TASK DETAILS.
Please repeat, exactly and without pictures, the lines of the entries below that run from the one containing "2026 Volkswagen Atlas" through the one containing "Lavanda Apartament Mandre".

RECORD EXCERPTS.
- Opening Delimiter -
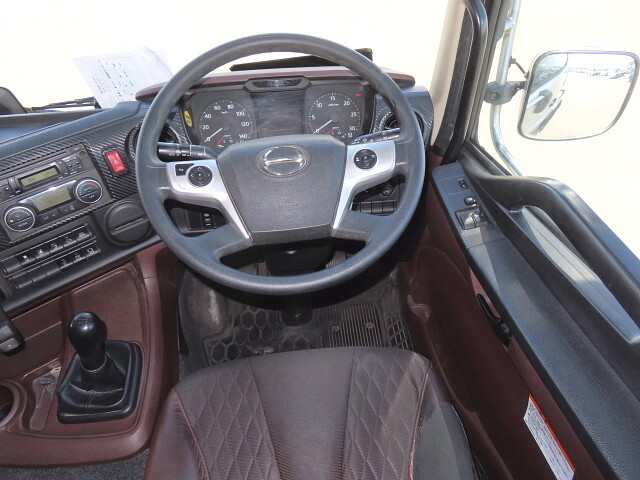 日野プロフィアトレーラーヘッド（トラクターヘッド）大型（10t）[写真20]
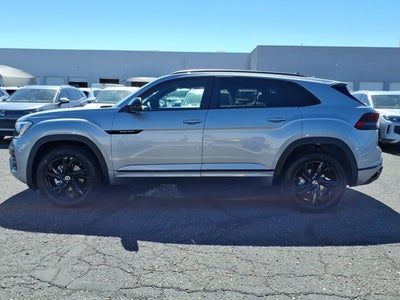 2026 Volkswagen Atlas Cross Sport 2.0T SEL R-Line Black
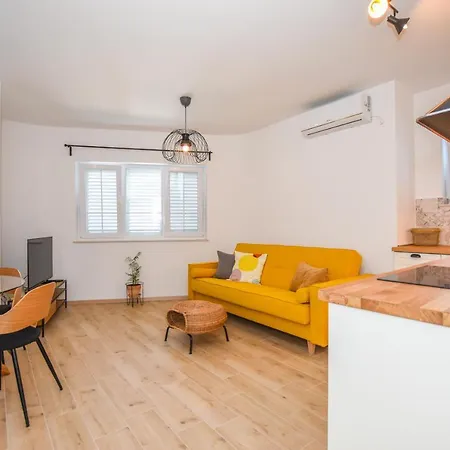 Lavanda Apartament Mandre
- Closing Delimiter -
- Opening Delimiter -
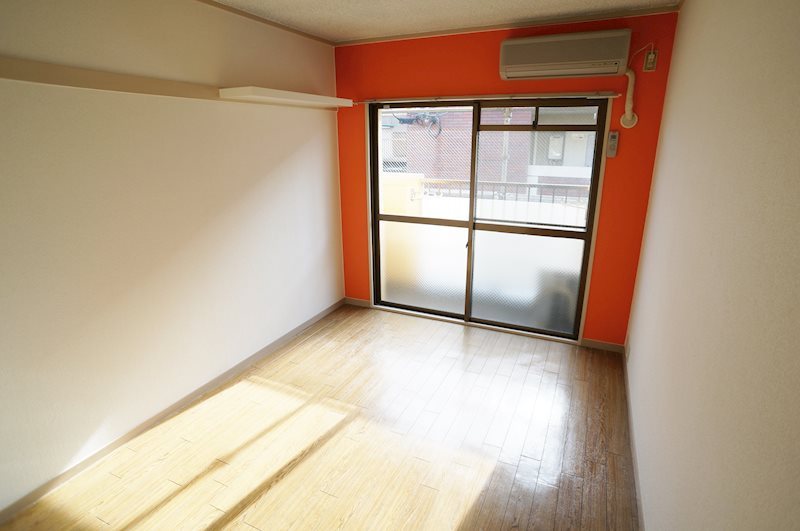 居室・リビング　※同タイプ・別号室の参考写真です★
- Closing Delimiter -
- Opening Delimiter -
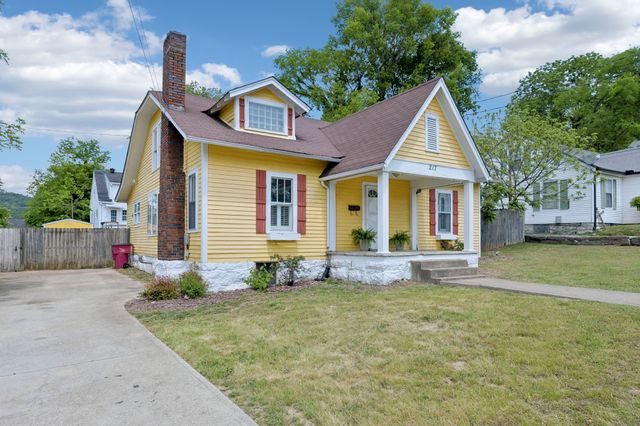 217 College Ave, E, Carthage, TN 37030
- Closing Delimiter -
FINISHED EXERCISE.
 2026 Volkswagen Atlas Cross Sport 2.0T SEL R-Line Black
 Lavanda Apartament Mandre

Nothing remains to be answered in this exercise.